Please reproduce the full set of data below exactly.
(MATERIAL TO PROCESS Opens)
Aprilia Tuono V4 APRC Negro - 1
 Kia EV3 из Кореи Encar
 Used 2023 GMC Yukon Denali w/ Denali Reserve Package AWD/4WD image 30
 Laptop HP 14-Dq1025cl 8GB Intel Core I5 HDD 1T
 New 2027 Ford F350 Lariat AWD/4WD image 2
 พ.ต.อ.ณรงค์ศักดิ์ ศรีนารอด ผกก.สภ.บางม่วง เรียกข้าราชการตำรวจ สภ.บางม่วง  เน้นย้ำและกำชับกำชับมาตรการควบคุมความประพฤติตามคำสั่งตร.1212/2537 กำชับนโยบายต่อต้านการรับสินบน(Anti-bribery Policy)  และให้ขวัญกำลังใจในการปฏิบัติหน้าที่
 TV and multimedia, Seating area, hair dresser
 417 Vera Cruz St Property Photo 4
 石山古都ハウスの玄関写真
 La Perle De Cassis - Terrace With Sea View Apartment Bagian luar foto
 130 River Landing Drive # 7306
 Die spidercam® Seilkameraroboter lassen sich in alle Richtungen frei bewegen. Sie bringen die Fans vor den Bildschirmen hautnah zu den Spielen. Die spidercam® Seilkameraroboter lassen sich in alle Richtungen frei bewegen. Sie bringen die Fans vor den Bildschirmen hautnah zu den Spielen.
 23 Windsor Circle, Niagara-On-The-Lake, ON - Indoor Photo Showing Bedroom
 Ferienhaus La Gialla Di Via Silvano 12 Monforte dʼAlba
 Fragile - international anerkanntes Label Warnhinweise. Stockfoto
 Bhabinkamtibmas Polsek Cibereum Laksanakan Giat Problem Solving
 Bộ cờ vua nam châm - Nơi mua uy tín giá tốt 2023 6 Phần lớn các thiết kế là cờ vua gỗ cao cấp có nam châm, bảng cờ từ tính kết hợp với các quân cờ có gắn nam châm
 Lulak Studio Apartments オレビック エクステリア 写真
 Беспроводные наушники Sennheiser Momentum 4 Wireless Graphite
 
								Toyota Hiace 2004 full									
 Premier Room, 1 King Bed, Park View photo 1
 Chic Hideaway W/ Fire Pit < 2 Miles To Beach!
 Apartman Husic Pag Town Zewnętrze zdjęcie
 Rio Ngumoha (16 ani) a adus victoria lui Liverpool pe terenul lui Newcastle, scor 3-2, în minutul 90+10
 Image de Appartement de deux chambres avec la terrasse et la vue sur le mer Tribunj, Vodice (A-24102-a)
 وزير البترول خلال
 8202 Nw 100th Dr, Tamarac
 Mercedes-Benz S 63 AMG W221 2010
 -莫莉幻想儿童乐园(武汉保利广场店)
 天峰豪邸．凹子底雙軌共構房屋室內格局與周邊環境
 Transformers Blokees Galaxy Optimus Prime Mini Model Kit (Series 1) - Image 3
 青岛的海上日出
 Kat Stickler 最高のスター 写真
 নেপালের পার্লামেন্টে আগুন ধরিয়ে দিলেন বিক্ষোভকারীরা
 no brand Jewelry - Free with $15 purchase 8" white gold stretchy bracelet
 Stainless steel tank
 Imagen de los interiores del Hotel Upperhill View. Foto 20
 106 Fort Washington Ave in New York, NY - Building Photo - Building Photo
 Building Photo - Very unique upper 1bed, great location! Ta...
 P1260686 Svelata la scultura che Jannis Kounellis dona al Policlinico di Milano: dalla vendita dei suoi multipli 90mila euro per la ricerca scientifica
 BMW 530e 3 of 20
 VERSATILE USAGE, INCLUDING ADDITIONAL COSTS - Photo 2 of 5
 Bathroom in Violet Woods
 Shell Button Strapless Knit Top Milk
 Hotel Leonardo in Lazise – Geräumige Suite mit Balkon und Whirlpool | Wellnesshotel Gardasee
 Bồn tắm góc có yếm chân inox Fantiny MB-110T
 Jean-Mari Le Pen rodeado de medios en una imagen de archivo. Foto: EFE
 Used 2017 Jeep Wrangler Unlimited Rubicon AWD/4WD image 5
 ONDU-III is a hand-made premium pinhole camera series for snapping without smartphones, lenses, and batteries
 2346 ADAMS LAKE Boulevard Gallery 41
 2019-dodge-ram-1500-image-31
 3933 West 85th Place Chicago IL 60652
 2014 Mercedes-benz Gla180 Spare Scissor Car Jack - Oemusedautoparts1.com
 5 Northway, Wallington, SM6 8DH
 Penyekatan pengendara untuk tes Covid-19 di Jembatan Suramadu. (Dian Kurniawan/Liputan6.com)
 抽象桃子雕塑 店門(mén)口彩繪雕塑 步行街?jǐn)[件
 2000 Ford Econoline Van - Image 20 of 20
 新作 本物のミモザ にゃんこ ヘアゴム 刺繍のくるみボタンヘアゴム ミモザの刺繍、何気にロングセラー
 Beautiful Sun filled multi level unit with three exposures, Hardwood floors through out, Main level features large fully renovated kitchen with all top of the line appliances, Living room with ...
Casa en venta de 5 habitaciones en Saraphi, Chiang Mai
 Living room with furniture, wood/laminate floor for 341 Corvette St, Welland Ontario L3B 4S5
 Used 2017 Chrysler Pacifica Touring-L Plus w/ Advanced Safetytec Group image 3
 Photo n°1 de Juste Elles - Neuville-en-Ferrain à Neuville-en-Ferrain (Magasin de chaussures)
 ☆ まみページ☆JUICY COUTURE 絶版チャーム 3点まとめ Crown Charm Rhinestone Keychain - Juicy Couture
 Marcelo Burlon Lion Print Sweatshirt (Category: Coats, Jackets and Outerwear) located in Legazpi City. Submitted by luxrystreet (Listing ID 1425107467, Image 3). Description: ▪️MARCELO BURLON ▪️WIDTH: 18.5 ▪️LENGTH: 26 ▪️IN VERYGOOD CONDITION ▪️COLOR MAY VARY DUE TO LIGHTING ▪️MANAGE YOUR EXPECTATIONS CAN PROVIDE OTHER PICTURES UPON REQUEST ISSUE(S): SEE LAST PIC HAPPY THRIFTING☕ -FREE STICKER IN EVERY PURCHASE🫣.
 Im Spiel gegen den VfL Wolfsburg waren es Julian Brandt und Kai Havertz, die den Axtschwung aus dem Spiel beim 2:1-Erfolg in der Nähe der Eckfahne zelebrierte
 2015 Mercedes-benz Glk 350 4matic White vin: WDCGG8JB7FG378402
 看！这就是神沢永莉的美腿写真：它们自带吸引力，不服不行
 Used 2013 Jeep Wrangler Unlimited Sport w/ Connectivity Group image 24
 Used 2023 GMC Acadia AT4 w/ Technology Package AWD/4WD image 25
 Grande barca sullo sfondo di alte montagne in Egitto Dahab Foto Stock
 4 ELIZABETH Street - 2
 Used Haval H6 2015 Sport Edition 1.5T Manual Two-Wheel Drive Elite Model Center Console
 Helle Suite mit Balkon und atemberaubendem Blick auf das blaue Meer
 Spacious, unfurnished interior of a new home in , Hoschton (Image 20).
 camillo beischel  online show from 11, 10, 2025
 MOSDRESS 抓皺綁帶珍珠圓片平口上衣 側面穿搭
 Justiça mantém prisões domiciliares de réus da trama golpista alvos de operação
(MATERIAL TO PROCESS Closes)
§ **FINAL ANSWER**:
Aprilia Tuono V4 APRC Negro - 1
 Kia EV3 из Кореи Encar
 Used 2023 GMC Yukon Denali w/ Denali Reserve Package AWD/4WD image 30
 Laptop HP 14-Dq1025cl 8GB Intel Core I5 HDD 1T
 New 2027 Ford F350 Lariat AWD/4WD image 2
 พ.ต.อ.ณรงค์ศักดิ์ ศรีนารอด ผกก.สภ.บางม่วง เรียกข้าราชการตำรวจ สภ.บางม่วง  เน้นย้ำและกำชับกำชับมาตรการควบคุมความประพฤติตามคำสั่งตร.1212/2537 กำชับนโยบายต่อต้านการรับสินบน(Anti-bribery Policy)  และให้ขวัญกำลังใจในการปฏิบัติหน้าที่
 TV and multimedia, Seating area, hair dresser
 417 Vera Cruz St Property Photo 4
 石山古都ハウスの玄関写真
 La Perle De Cassis - Terrace With Sea View Apartment Bagian luar foto
 130 River Landing Drive # 7306
 Die spidercam® Seilkameraroboter lassen sich in alle Richtungen frei bewegen. Sie bringen die Fans vor den Bildschirmen hautnah zu den Spielen. Die spidercam® Seilkameraroboter lassen sich in alle Richtungen frei bewegen. Sie bringen die Fans vor den Bildschirmen hautnah zu den Spielen.
 23 Windsor Circle, Niagara-On-The-Lake, ON - Indoor Photo Showing Bedroom
 Ferienhaus La Gialla Di Via Silvano 12 Monforte dʼAlba
 Fragile - international anerkanntes Label Warnhinweise. Stockfoto
 Bhabinkamtibmas Polsek Cibereum Laksanakan Giat Problem Solving
 Bộ cờ vua nam châm - Nơi mua uy tín giá tốt 2023 6 Phần lớn các thiết kế là cờ vua gỗ cao cấp có nam châm, bảng cờ từ tính kết hợp với các quân cờ có gắn nam châm
 Lulak Studio Apartments オレビック エクステリア 写真
 Беспроводные наушники Sennheiser Momentum 4 Wireless Graphite
 
								Toyota Hiace 2004 full									
 Premier Room, 1 King Bed, Park View photo 1
 Chic Hideaway W/ Fire Pit < 2 Miles To Beach!
 Apartman Husic Pag Town Zewnętrze zdjęcie
 Rio Ngumoha (16 ani) a adus victoria lui Liverpool pe terenul lui Newcastle, scor 3-2, în minutul 90+10
 Image de Appartement de deux chambres avec la terrasse et la vue sur le mer Tribunj, Vodice (A-24102-a)
 وزير البترول خلال
 8202 Nw 100th Dr, Tamarac
 Mercedes-Benz S 63 AMG W221 2010
 -莫莉幻想儿童乐园(武汉保利广场店)
 天峰豪邸．凹子底雙軌共構房屋室內格局與周邊環境
 Transformers Blokees Galaxy Optimus Prime Mini Model Kit (Series 1) - Image 3
 青岛的海上日出
 Kat Stickler 最高のスター 写真
 নেপালের পার্লামেন্টে আগুন ধরিয়ে দিলেন বিক্ষোভকারীরা
 no brand Jewelry - Free with $15 purchase 8" white gold stretchy bracelet
 Stainless steel tank
 Imagen de los interiores del Hotel Upperhill View. Foto 20
 106 Fort Washington Ave in New York, NY - Building Photo - Building Photo
 Building Photo - Very unique upper 1bed, great location! Ta...
 P1260686 Svelata la scultura che Jannis Kounellis dona al Policlinico di Milano: dalla vendita dei suoi multipli 90mila euro per la ricerca scientifica
 BMW 530e 3 of 20
 VERSATILE USAGE, INCLUDING ADDITIONAL COSTS - Photo 2 of 5
 Bathroom in Violet Woods
 Shell Button Strapless Knit Top Milk
 Hotel Leonardo in Lazise – Geräumige Suite mit Balkon und Whirlpool | Wellnesshotel Gardasee
 Bồn tắm góc có yếm chân inox Fantiny MB-110T
 Jean-Mari Le Pen rodeado de medios en una imagen de archivo. Foto: EFE
 Used 2017 Jeep Wrangler Unlimited Rubicon AWD/4WD image 5
 ONDU-III is a hand-made premium pinhole camera series for snapping without smartphones, lenses, and batteries
 2346 ADAMS LAKE Boulevard Gallery 41
 2019-dodge-ram-1500-image-31
 3933 West 85th Place Chicago IL 60652
 2014 Mercedes-benz Gla180 Spare Scissor Car Jack - Oemusedautoparts1.com
 5 Northway, Wallington, SM6 8DH
 Penyekatan pengendara untuk tes Covid-19 di Jembatan Suramadu. (Dian Kurniawan/Liputan6.com)
 抽象桃子雕塑 店門(mén)口彩繪雕塑 步行街?jǐn)[件
 2000 Ford Econoline Van - Image 20 of 20
 新作 本物のミモザ にゃんこ ヘアゴム 刺繍のくるみボタンヘアゴム ミモザの刺繍、何気にロングセラー
 Beautiful Sun filled multi level unit with three exposures, Hardwood floors through out, Main level features large fully renovated kitchen with all top of the line appliances, Living room with ...
Casa en venta de 5 habitaciones en Saraphi, Chiang Mai
 Living room with furniture, wood/laminate floor for 341 Corvette St, Welland Ontario L3B 4S5
 Used 2017 Chrysler Pacifica Touring-L Plus w/ Advanced Safetytec Group image 3
 Photo n°1 de Juste Elles - Neuville-en-Ferrain à Neuville-en-Ferrain (Magasin de chaussures)
 ☆ まみページ☆JUICY COUTURE 絶版チャーム 3点まとめ Crown Charm Rhinestone Keychain - Juicy Couture
 Marcelo Burlon Lion Print Sweatshirt (Category: Coats, Jackets and Outerwear) located in Legazpi City. Submitted by luxrystreet (Listing ID 1425107467, Image 3). Description: ▪️MARCELO BURLON ▪️WIDTH: 18.5 ▪️LENGTH: 26 ▪️IN VERYGOOD CONDITION ▪️COLOR MAY VARY DUE TO LIGHTING ▪️MANAGE YOUR EXPECTATIONS CAN PROVIDE OTHER PICTURES UPON REQUEST ISSUE(S): SEE LAST PIC HAPPY THRIFTING☕ -FREE STICKER IN EVERY PURCHASE🫣.
 Im Spiel gegen den VfL Wolfsburg waren es Julian Brandt und Kai Havertz, die den Axtschwung aus dem Spiel beim 2:1-Erfolg in der Nähe der Eckfahne zelebrierte
 2015 Mercedes-benz Glk 350 4matic White vin: WDCGG8JB7FG378402
 看！这就是神沢永莉的美腿写真：它们自带吸引力，不服不行
 Used 2013 Jeep Wrangler Unlimited Sport w/ Connectivity Group image 24
 Used 2023 GMC Acadia AT4 w/ Technology Package AWD/4WD image 25
 Grande barca sullo sfondo di alte montagne in Egitto Dahab Foto Stock
 4 ELIZABETH Street - 2
 Used Haval H6 2015 Sport Edition 1.5T Manual Two-Wheel Drive Elite Model Center Console
 Helle Suite mit Balkon und atemberaubendem Blick auf das blaue Meer
 Spacious, unfurnished interior of a new home in , Hoschton (Image 20).
 camillo beischel  online show from 11, 10, 2025
 MOSDRESS 抓皺綁帶珍珠圓片平口上衣 側面穿搭
 Justiça mantém prisões domiciliares de réus da trama golpista alvos de operação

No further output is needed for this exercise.